What is required:
With the pictures omitted, repeat exactly the lines below starting with the line that has "Young woman exercising" and going on through the line that has "Hem, Silk Pants".

Source data:
● ● ● ● ●

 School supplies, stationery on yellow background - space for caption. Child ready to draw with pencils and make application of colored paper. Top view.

● ● ● ● ●

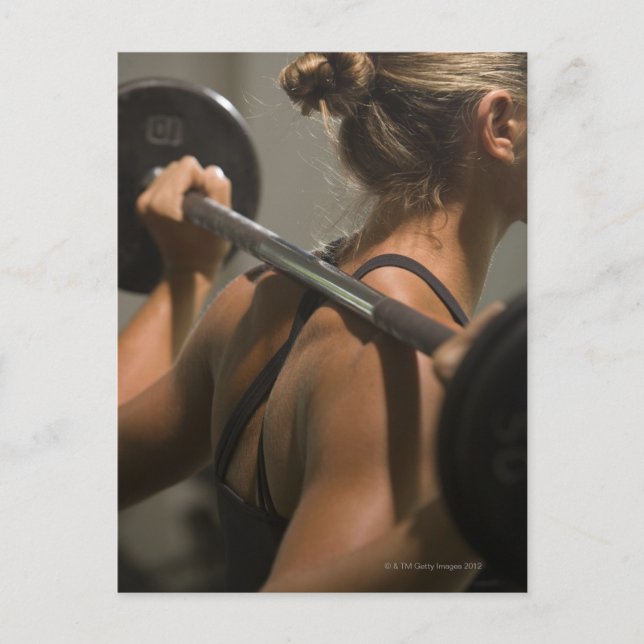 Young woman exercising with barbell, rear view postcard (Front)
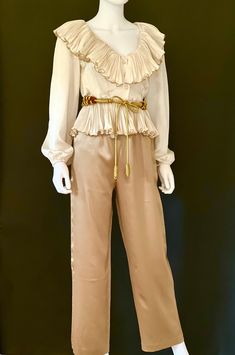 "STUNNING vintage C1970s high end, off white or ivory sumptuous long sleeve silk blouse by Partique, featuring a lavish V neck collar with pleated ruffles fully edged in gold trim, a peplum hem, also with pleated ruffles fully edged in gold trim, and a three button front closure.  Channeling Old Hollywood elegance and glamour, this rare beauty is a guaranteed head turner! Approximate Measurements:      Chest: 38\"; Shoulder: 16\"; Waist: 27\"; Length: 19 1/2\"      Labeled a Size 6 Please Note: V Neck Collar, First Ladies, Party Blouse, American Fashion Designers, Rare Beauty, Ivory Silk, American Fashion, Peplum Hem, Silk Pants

● ● ● ● ●

Exercise solution:
 Young woman exercising with barbell, rear view postcard (Front)
 "STUNNING vintage C1970s high end, off white or ivory sumptuous long sleeve silk blouse by Partique, featuring a lavish V neck collar with pleated ruffles fully edged in gold trim, a peplum hem, also with pleated ruffles fully edged in gold trim, and a three button front closure.  Channeling Old Hollywood elegance and glamour, this rare beauty is a guaranteed head turner! Approximate Measurements:      Chest: 38\"; Shoulder: 16\"; Waist: 27\"; Length: 19 1/2\"      Labeled a Size 6 Please Note: V Neck Collar, First Ladies, Party Blouse, American Fashion Designers, Rare Beauty, Ivory Silk, American Fashion, Peplum Hem, Silk Pants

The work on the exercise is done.